I’ve been in a relationship for 7 years (I am 27) and we have two young children. But I am incredibly unhappy. I couldn’t really identify any one thing that’s making me unhappy or a change that I think would make me feel better. I feel like my partner and I just don’t pair up well. I don’t enjoy time in his company, he’s clearly not really interested in anything I say. I could list various reasons and examples of why he’s often not very nice to me, but if I’m honest I think he could probably do the same to me. I feel like we just don’t get on - not ww3 by any means but there’s no friendship there. There’s hardly a relationship, we sleep separate and don’t spent any time one-on-one. Sex is a burden to me and do it as little as what it stop him bring it up.
Is being unhappy a justified reason alone to end a family?
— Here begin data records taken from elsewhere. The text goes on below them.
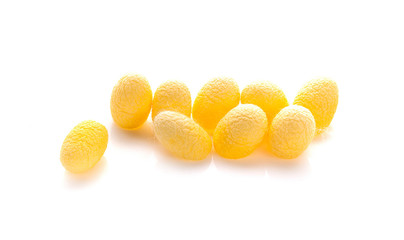 yellow thai silkworm cocoons pile an isolated on white background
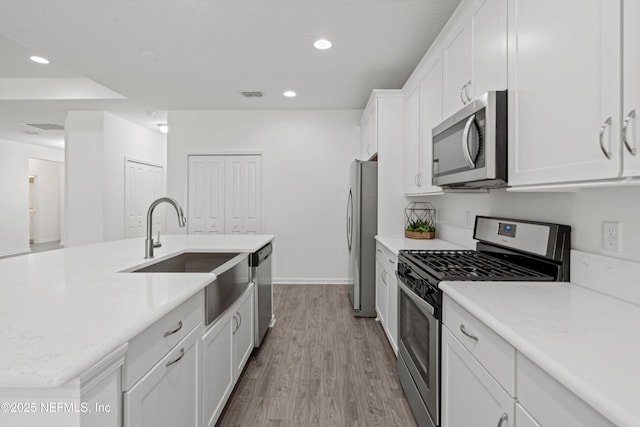 kitchen featuring recessed lighting, appliances with stainless steel finishes, white cabinetry, a sink, and wood finished floors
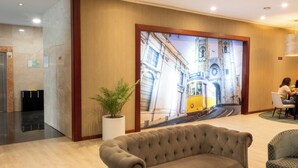 A lobby with a large mural of a train, a tufted sofa, and a reception desk. - VIP Executive Zurique Hotel (Lisbon)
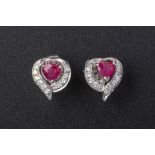 A PAIR OF RUBY AND DIAMOND HEART SHAPED EARRINGS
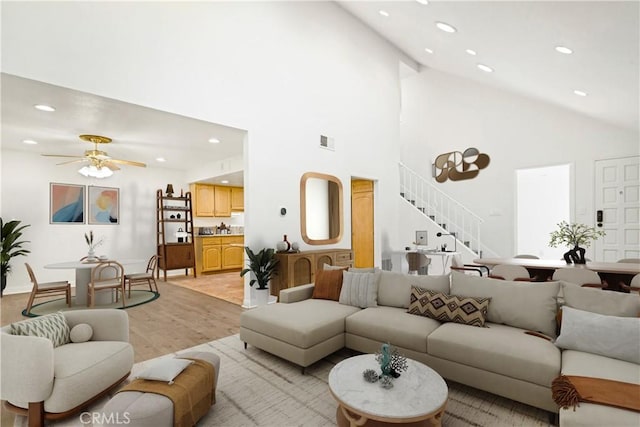 living room with ceiling fan, high vaulted ceiling, and light wood-type flooring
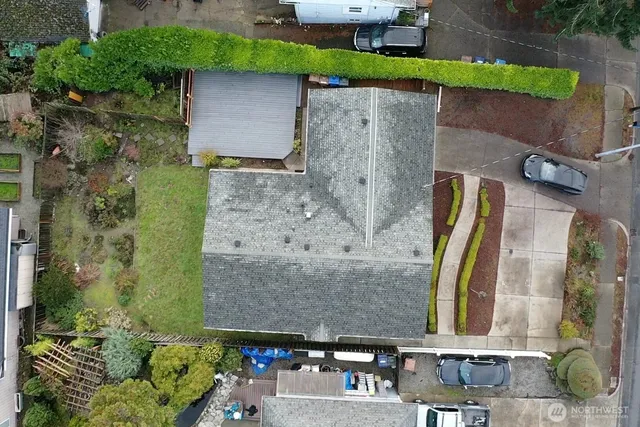 an aerial view of a house with a yard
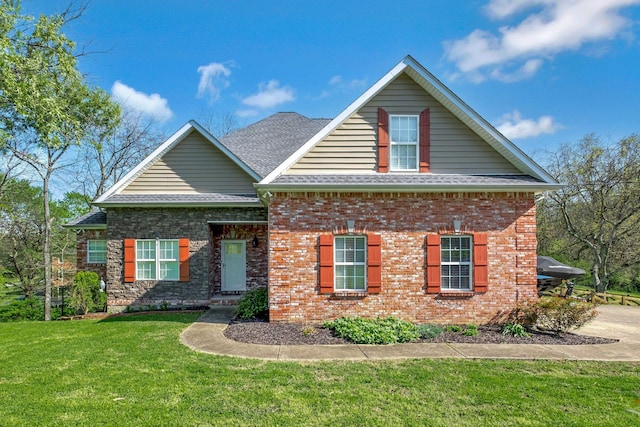 craftsman inspired home featuring brick siding, a shingled roof, and a front lawn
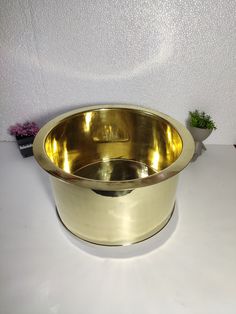 a gold colored bowl sitting on top of a white table next to a potted plant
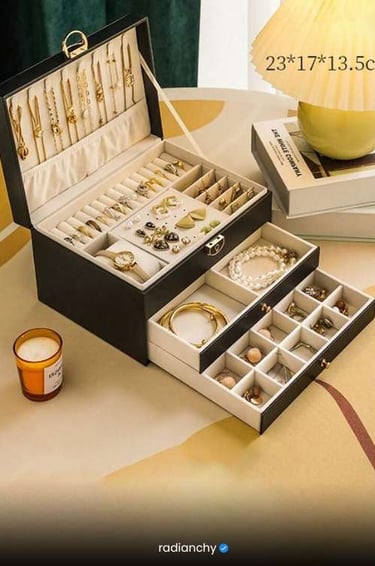 a jewelry box with a candle and a candle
Also, I know he wouldn’t take it well. We live in his hometown where I have no family near by. I don’t know how to leave him. I have said before when we have argued I really don’t want to do this relationship anymore but any time I’ve said that he wears me down by going on and on about how things will change etc (they never do!). He won’t leave and I have no where to go so what do I do? I’ve thought about trying to find somewhere to live in my hometown and telling him when I’ve found somewhere but it feels so deceitful to be planning a move then having to sit him down on a normal day and tell him me and the kids are going practically immediately. What the hell do I do? I’m so unhappy I often feel I don’t want to live anymore.